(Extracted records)
BEGIN

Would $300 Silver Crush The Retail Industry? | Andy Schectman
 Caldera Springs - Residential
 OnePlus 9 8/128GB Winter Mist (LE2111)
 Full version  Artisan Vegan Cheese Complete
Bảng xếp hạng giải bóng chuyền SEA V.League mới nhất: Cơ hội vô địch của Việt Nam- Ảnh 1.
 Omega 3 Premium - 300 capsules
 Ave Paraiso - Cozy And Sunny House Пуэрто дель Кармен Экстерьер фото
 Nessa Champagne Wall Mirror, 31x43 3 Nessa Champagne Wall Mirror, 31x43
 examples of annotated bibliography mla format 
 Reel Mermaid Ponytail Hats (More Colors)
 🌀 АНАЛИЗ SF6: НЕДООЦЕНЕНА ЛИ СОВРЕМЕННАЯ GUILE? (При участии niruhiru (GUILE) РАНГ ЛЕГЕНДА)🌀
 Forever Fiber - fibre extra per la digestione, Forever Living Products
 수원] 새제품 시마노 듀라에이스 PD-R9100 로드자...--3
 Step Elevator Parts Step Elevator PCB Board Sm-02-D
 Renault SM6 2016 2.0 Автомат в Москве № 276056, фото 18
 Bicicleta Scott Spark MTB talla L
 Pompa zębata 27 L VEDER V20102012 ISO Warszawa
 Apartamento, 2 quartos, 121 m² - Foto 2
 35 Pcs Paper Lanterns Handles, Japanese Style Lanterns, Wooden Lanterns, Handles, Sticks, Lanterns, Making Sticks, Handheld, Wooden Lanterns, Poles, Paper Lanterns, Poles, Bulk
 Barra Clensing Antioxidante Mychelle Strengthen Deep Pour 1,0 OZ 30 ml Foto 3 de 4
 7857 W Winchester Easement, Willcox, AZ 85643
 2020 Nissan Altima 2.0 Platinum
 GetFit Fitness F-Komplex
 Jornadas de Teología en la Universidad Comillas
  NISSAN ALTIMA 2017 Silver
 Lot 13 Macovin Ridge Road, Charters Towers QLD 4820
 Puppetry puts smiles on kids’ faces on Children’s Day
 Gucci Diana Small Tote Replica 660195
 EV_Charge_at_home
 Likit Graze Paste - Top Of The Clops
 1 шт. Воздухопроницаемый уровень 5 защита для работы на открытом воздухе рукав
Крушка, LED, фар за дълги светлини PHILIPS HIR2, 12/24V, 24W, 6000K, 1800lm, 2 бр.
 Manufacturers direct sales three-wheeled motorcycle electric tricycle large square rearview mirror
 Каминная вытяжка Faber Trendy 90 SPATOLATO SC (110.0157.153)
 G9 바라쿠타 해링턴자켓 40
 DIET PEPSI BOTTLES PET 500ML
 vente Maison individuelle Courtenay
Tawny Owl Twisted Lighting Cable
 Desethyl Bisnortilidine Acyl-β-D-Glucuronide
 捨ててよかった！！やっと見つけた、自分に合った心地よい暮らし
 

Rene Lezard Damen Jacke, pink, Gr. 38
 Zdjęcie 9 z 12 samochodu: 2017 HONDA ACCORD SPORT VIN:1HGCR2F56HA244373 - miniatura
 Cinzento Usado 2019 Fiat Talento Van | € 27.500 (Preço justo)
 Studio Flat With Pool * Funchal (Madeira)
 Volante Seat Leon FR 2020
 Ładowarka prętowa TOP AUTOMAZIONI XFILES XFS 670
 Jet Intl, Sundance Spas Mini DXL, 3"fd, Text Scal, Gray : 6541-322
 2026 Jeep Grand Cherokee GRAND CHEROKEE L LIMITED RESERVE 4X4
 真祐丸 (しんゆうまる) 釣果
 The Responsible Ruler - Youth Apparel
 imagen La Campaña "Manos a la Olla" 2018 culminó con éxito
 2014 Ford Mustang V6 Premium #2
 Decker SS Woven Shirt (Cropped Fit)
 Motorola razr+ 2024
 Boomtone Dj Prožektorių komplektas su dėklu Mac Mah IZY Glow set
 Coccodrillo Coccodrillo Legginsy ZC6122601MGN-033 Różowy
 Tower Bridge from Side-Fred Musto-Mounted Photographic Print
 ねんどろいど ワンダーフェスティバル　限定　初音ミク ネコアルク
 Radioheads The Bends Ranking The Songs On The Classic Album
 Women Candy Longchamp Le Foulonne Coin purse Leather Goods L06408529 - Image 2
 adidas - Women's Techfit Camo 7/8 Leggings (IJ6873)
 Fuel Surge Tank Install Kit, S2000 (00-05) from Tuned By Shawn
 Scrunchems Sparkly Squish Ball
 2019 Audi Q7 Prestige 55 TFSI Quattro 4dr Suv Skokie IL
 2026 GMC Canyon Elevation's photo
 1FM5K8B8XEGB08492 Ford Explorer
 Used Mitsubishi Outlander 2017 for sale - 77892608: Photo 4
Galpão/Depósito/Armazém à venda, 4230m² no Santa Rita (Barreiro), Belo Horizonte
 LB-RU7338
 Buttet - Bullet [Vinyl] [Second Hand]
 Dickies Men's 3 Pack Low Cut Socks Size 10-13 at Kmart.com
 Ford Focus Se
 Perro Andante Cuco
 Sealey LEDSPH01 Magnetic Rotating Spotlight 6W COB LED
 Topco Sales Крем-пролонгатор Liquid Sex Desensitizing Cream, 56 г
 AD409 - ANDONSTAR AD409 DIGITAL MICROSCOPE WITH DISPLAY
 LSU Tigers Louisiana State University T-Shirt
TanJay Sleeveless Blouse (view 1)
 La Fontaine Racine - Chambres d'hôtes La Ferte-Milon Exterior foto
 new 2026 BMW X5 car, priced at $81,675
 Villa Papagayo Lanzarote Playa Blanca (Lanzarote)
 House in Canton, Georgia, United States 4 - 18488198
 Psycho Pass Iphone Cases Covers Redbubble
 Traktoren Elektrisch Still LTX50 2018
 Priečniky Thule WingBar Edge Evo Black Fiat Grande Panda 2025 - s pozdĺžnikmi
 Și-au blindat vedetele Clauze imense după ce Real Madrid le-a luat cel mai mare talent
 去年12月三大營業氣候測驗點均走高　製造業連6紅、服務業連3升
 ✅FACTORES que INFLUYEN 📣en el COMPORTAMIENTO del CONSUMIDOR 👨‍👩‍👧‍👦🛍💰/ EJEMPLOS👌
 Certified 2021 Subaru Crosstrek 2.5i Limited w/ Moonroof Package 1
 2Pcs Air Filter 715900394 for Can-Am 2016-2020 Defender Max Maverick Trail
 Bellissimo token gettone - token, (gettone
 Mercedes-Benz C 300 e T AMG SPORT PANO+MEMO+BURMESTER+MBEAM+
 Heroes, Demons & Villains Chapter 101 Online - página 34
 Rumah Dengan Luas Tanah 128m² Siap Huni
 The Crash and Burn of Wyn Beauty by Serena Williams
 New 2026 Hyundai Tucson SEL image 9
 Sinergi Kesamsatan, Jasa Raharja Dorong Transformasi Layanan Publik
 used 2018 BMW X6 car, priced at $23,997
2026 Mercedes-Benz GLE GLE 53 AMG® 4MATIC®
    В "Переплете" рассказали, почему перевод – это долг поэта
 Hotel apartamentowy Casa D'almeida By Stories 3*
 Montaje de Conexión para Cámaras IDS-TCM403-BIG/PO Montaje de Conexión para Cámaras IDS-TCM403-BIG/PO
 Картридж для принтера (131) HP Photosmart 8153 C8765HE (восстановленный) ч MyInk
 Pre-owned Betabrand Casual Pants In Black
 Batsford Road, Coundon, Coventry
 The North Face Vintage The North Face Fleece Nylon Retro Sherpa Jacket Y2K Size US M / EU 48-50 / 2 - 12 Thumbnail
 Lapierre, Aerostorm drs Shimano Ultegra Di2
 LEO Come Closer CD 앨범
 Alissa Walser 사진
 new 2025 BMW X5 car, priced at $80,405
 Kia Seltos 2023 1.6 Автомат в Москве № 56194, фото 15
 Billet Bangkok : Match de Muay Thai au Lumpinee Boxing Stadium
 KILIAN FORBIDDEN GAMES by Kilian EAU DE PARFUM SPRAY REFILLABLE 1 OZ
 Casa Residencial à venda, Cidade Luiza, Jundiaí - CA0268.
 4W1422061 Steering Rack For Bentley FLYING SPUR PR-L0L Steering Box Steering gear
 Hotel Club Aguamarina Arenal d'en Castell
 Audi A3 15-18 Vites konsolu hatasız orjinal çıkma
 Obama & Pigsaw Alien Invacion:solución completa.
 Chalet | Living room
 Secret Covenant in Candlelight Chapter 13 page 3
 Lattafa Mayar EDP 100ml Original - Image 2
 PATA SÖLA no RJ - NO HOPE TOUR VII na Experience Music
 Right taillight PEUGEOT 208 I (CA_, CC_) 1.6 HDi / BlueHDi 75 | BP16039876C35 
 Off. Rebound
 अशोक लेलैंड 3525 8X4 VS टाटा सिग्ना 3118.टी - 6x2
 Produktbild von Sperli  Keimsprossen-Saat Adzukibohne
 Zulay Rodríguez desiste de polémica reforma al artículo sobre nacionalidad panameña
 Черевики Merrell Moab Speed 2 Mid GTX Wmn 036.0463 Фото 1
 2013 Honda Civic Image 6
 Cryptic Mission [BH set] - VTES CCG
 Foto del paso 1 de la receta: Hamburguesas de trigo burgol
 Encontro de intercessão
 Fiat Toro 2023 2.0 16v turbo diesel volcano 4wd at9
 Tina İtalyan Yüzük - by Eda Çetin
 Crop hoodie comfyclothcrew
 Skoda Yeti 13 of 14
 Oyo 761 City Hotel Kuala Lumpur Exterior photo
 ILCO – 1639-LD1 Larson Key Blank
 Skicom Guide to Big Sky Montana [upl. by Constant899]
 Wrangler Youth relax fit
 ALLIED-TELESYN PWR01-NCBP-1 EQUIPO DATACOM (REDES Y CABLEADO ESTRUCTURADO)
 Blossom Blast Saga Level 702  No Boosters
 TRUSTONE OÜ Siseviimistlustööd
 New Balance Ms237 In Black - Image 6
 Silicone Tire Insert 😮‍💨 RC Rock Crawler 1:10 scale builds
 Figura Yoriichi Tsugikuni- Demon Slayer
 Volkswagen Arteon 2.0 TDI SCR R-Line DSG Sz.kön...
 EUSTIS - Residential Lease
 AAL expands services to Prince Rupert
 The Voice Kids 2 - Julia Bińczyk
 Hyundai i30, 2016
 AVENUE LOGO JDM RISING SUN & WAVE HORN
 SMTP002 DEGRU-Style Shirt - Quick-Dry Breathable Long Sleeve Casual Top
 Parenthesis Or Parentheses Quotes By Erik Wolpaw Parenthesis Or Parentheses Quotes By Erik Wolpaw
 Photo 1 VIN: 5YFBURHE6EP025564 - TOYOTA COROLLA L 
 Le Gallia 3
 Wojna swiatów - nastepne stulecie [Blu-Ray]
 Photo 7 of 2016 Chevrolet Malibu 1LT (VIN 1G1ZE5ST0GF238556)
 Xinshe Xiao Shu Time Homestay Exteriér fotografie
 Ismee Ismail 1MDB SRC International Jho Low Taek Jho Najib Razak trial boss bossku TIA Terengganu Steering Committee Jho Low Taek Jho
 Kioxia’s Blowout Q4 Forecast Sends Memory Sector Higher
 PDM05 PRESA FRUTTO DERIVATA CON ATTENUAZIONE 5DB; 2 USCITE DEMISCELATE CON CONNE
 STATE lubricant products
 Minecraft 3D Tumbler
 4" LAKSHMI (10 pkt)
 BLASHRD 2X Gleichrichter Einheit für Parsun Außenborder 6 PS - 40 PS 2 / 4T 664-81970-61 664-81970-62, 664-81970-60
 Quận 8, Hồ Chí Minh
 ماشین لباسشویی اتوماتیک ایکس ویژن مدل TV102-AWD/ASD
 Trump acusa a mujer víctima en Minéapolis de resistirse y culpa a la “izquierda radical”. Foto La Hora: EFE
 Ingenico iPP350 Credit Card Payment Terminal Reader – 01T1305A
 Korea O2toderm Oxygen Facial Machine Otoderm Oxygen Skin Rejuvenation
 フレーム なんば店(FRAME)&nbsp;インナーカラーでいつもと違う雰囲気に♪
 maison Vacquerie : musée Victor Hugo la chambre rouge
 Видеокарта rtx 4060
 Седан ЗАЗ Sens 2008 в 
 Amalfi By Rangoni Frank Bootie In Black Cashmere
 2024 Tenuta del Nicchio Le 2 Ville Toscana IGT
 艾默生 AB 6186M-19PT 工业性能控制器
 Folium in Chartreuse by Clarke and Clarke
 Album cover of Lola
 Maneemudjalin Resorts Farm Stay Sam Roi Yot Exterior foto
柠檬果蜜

END

Within the records above, count each line holding "Mercedes". Write down only the number.

2